The good and the ugly in the ‘compact’ to change higher education

Wall Street Journal:

The Administration’s Compact for Academic Excellence in Higher Education, leaked to the press, offers schools preferential funding if they follow certain rules. Schools that agree to meet the Trump benchmarks would be eligible for “multiple positive benefits,” and “substantial and meaningful federal grants.”

Some rules are common sense. The memo specifies that universities in the compact must end the use of race or gender preferences in hiring or admission on campus. This is the law. Also sensible is embracing so-called institutional neutrality so schools don’t take sides in social and political issues unrelated to the university.

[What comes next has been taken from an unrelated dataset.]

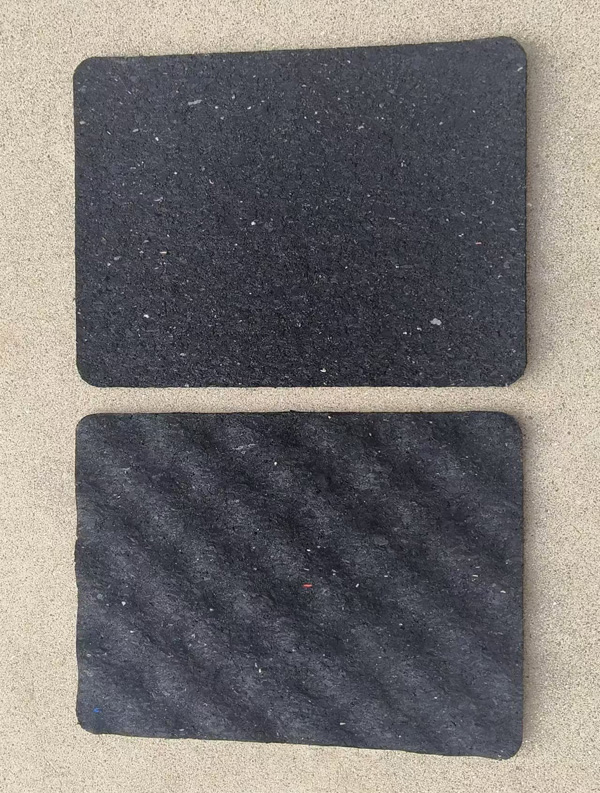 �۰�������|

Professors can opine in their private capacity, but the history department can’t dictate a certain view of the Arab-Israel conflict.

The memo encourages a “vibrant marketplace of ideas,” and that can’t be said often enough. Many schools are making good efforts to address progressive monoculture, including left-leaning faculty rosters. Kudos to schools like the University of Texas, which has created a school of Civic Leadership, and others like Vanderbilt that have hosted events to emphasize a return to free-speech principles. The Trump compact seems to have backed off attempts to dictate faculty hiring, a welcome development.

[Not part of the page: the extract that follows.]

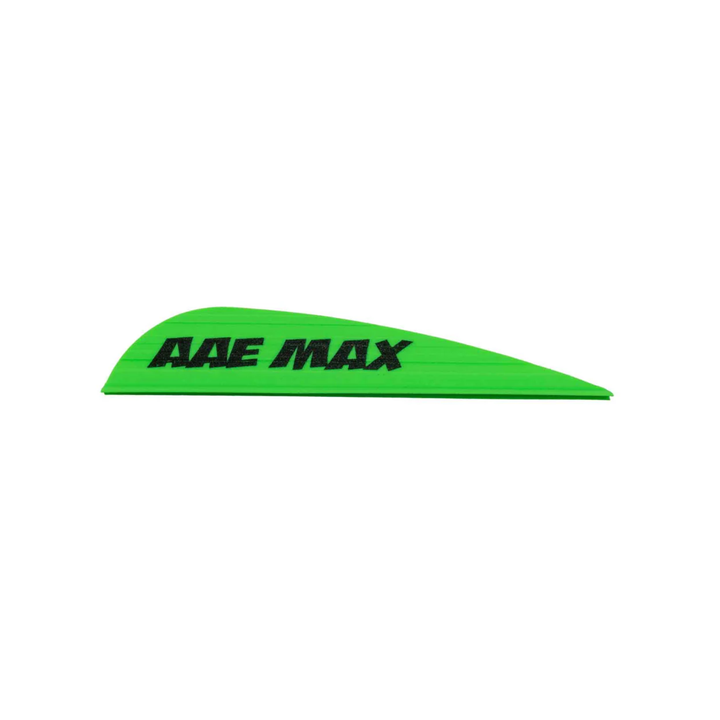 AAE Max Stealth Vanes 50Pk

Where the compact goes too far is with its demand that schools freeze tuition for five years and cap the enrollment of international students at 15%. Mitch Daniels proved at Purdue that tuition can be frozen over several years, but this should be up to the schools themselves.

And where does the 15% cap on foreign students come from—a dartboard? International students are a source of full-freight tuition for many schools. Students from overseas were 26% of the University of Southern California student body in 2025. Limiting tuition and international students at the same time could leave schools with a budget shortfall.

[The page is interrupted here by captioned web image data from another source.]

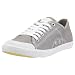 Venice Panza L204979, Damen Sneaker Schuhe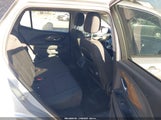 Miniaturka zdjęcia 8
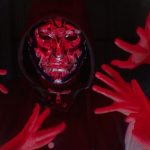 Клип Hollywood Undead - We Own The Night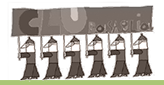clumod3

Brian McGill and Sara Randazzo:

The compact acknowledges the crushing debt many college graduates face and seeks ways to alleviate the burden. Universities signing on would have to “commit to freezing the effective tuition rates charged to American students for the next five years.” The sticker price of tuition, room and board at some universities can now reach near $100,000.

Few college students pay such a high price. The average published price for tuition and fees at public four-year schools for those living in-state was $11,610, according to the College Board, a number that has actually decreased slightly over the past decade when inflation is taken into account. At private schools, the published average was $43,350, up 4% over a decade in inflation-adjusted dollars.